Patrick Calvar : "depuis longtemps, nous avons un souci dans le rapport à l'islam. Dans la confusion entre islamisme et islam. Nous avons aussi souffert d'une crise d'identité profonde d'un certains nombres de jeunes d'origine marocaine, tunisienne, algérienne."

Patrick Calvar : "nous avions énormément de Français et de francophone sur zone [irako-syrienne, ndlr] et donc ça a créé une cible. D'autant qu'elle est emblématique. Les autres cibles emblématiques c'est Israël et les Etats-Unis, mais c'est difficile d'attaquer les Etats-Unis"

Patrick Calvar : "la Belgique a toujours eu tendance d'exporter son terrorisme vers nous. Rappelez-vous les attentats du GIA en 1995, ils venaient aussi de Belgique."

Patrick Calvar : "vous frappez de là ou vous venez. On a le terrorisme qu'on mérite."

Me Xavier Nogueras (défense) : "pourquoi selon vous ces terroristes disent qu'ils frappent la France parce que la France est intervenue [en Syrie, ndlr] ?" Patrick Calvar : "j'en pense que c'est l'expression de la haine la plus pure. Ces gens-là haïssent ce que nous sommes."

Fin de l'audition de Patrick Calvar. "On va enchainer", avertit le président en lançant la vidéoconférence avec une experte "qui va témoigner en visio depuis Lyon en raison de problèmes de transport".

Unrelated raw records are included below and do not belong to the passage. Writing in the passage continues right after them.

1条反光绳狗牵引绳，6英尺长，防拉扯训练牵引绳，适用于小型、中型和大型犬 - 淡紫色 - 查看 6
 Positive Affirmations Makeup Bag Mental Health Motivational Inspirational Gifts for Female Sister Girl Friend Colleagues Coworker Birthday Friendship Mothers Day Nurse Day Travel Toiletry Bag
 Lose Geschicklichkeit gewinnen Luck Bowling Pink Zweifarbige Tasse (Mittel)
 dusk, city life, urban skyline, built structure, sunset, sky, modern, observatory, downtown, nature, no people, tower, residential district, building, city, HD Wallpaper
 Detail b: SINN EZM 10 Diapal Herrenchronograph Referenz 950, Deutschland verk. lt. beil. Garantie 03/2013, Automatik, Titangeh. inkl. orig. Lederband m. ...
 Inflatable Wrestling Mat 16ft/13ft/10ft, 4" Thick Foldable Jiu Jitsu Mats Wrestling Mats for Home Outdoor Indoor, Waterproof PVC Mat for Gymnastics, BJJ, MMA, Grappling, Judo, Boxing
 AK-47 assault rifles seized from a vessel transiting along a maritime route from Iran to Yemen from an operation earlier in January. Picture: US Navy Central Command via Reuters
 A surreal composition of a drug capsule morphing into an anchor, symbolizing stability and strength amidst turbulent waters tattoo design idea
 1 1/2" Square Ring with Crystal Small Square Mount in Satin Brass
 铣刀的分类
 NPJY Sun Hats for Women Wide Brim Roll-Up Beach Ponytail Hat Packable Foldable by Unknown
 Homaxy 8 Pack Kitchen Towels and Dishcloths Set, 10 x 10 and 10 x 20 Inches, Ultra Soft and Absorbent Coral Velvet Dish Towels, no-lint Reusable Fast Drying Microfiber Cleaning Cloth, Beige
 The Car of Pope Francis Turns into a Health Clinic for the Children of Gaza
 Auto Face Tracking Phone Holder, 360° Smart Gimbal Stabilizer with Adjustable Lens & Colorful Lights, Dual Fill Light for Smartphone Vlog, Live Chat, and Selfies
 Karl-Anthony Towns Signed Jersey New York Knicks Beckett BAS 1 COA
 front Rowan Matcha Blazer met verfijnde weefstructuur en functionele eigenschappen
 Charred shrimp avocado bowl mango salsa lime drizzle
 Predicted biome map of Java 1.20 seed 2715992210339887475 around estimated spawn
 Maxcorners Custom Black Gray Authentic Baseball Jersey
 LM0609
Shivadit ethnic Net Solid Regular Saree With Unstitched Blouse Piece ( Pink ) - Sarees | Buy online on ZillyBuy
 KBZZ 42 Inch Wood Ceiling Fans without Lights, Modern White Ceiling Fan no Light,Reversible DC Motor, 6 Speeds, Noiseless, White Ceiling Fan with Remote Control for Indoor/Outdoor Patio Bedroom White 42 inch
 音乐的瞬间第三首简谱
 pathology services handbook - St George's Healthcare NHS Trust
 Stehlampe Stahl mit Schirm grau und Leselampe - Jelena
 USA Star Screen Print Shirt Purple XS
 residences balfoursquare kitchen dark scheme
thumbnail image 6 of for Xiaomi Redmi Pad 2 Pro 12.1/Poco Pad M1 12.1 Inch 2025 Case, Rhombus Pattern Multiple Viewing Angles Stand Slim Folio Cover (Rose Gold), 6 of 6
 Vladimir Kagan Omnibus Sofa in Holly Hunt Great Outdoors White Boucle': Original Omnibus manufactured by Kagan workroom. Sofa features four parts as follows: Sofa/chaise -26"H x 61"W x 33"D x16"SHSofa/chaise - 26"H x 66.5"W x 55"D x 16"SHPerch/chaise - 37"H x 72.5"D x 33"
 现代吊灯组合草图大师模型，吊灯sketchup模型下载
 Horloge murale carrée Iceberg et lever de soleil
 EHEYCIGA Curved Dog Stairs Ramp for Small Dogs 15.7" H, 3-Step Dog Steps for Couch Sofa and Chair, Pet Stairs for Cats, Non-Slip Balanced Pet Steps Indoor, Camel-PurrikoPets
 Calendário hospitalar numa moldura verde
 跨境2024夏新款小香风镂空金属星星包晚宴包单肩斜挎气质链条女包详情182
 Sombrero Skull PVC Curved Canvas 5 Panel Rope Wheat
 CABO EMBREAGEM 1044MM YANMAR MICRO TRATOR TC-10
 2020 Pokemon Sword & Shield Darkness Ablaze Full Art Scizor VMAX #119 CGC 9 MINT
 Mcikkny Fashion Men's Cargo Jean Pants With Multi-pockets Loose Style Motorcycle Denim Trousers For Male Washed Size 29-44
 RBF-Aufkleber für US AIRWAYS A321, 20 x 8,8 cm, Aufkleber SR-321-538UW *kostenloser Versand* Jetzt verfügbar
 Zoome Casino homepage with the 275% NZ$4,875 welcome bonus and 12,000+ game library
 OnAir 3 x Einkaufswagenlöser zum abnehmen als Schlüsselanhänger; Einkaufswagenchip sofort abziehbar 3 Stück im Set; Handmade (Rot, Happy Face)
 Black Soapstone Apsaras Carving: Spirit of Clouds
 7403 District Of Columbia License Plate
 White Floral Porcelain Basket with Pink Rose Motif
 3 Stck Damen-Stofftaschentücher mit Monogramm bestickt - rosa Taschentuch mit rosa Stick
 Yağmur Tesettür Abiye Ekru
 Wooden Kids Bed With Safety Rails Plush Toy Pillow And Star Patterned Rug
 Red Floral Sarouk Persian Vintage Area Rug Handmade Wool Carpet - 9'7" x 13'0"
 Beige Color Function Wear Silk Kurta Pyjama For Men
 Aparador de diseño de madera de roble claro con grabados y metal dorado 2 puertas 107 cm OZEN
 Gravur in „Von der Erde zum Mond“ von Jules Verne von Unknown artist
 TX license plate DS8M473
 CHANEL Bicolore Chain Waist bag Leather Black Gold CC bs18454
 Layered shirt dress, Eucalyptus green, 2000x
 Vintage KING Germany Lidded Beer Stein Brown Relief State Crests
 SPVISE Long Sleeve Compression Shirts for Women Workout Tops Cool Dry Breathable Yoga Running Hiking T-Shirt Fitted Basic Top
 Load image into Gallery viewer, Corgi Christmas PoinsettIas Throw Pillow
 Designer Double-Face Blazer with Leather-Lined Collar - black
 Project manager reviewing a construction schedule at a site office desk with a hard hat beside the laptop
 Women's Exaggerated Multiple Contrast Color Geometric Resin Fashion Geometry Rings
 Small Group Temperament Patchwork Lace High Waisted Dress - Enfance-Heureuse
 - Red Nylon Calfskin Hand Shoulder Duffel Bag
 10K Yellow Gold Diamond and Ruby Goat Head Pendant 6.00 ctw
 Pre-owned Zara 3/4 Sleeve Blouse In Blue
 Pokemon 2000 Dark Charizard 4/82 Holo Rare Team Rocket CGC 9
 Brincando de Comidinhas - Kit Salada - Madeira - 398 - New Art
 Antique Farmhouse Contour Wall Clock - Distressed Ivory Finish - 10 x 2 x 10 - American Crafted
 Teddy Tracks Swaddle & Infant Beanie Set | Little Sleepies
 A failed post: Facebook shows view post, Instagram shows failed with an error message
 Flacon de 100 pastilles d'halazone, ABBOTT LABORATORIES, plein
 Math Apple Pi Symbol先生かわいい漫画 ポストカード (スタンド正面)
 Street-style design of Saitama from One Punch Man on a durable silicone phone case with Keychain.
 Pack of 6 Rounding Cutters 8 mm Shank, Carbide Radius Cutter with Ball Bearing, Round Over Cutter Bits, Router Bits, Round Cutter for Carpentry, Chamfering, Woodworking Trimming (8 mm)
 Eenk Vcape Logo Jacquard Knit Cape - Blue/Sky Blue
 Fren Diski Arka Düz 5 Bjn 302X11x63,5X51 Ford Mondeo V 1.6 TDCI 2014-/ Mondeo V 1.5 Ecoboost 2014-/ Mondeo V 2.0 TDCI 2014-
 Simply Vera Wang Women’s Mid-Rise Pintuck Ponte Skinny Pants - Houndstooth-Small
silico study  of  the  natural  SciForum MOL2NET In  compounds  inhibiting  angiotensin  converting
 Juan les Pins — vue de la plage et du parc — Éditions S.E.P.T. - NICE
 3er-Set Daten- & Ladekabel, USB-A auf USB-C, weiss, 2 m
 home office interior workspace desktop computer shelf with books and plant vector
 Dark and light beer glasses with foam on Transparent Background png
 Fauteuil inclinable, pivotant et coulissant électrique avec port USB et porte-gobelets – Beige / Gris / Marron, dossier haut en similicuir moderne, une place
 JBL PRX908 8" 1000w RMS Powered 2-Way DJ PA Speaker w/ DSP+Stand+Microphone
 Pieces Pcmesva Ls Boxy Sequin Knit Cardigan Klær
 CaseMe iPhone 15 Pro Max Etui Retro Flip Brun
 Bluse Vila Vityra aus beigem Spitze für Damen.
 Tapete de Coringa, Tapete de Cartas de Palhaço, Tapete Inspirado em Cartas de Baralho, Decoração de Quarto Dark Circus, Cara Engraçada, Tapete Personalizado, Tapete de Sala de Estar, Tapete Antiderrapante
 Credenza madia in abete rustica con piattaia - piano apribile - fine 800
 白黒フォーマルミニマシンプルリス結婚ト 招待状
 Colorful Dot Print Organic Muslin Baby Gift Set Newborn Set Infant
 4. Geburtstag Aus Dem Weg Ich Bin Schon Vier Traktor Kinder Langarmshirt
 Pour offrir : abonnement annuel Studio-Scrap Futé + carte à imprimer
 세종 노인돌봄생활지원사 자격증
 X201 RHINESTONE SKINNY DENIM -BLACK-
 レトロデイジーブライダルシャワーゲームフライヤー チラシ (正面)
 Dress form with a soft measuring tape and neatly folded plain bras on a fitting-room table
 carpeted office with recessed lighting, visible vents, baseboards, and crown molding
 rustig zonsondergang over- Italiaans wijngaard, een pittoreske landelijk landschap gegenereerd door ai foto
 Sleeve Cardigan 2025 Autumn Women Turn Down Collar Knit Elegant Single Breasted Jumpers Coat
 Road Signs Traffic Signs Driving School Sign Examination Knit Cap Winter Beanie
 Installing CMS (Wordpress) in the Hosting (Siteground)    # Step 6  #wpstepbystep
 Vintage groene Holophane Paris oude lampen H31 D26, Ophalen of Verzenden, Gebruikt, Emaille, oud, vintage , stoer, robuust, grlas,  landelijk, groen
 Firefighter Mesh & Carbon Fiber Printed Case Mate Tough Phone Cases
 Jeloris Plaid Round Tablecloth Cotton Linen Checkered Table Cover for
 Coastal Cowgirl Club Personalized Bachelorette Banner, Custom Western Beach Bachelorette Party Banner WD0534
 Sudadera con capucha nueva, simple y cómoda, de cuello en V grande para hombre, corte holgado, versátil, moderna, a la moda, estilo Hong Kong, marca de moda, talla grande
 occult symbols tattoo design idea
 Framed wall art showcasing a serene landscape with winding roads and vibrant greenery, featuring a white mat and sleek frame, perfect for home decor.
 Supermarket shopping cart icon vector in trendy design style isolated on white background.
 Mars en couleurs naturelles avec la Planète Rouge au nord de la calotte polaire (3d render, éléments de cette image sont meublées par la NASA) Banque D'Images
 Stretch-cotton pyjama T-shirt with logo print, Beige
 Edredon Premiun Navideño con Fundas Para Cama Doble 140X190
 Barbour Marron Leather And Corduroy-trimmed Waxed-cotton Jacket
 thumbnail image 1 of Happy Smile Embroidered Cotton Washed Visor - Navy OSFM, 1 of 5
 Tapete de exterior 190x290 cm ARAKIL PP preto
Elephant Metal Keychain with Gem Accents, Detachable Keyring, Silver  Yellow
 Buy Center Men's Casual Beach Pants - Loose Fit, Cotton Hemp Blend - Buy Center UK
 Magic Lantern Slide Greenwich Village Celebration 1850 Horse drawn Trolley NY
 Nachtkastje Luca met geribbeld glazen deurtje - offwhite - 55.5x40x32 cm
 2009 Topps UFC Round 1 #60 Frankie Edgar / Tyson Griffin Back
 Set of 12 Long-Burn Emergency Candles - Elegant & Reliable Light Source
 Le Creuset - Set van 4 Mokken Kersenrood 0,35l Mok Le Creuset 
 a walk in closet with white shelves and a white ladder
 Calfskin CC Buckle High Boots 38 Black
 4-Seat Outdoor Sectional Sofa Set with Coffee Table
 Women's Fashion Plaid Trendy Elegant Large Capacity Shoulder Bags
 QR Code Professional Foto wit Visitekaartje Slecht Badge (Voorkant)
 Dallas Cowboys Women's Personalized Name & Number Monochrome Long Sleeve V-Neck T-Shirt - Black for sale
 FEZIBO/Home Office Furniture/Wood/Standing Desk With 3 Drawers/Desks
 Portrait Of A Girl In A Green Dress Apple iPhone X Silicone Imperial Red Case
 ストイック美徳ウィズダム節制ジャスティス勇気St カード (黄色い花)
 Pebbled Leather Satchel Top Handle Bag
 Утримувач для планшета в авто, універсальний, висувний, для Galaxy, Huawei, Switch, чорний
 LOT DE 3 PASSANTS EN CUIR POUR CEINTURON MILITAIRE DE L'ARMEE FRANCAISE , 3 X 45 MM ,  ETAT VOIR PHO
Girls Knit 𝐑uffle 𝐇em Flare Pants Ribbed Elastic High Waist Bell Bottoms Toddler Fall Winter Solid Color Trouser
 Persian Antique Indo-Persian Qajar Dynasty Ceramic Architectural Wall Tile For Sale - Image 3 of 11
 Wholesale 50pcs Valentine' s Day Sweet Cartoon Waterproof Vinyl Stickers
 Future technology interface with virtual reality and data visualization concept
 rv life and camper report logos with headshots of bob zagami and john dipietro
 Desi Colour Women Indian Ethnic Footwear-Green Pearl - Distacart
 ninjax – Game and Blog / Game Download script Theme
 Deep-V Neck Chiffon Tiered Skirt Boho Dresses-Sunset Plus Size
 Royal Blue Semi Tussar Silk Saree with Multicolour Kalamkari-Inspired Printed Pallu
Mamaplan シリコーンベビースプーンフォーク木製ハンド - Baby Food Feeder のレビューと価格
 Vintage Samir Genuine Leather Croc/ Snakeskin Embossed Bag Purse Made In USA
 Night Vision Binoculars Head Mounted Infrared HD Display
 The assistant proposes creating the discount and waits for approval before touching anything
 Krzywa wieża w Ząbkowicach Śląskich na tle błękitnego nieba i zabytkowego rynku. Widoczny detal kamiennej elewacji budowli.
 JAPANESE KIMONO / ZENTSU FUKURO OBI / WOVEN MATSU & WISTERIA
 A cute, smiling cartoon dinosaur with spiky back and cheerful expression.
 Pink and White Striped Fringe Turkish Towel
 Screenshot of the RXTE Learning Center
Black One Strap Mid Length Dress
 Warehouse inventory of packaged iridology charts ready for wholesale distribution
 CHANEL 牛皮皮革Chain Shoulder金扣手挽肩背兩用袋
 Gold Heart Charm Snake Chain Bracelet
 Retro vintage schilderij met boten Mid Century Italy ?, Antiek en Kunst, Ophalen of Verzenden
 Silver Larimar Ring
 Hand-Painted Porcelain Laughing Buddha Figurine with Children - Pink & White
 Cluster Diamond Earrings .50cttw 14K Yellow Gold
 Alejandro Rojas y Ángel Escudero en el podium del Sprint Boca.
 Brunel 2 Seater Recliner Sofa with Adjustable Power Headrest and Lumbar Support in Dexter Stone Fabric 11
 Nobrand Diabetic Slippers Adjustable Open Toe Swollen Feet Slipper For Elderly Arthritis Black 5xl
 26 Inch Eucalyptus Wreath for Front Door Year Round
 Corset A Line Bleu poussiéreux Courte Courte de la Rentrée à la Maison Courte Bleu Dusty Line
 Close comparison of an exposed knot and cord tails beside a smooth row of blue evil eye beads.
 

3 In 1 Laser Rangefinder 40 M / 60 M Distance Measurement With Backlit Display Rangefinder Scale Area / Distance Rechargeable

La connexion est établie avec Lyon pour l'audition de Sophie Carliez, "technicienne en chef de police technique et scientifique". Elle a été chargée au cours de l'instruction d'analyser les faux passeports syriens des terroristes du 13 novembre

L'experte détaille les éléments de fabrication d'un passeport : "une couture au centre, chaque page est en fait une double porte, elles comportent un filigrane et des fibres mises de façon aléatoires qui apparaissent sous une lumière fluorescente."

Après un exposé bref de l'experte et en l'absence de questions des avocats de parties civiles et de la défense, l'audition s'achève.

Le président : "il y a une autre demande ? J'ai cru qu'il y avait un regain d'activité sur le banc des parties civiles. Non ? Tant mieux. Je crois que nous avons tous besoin de respiration. Cette audience va être suspendue quelques jours. Je vous donne rendez-vous le 4 janvier."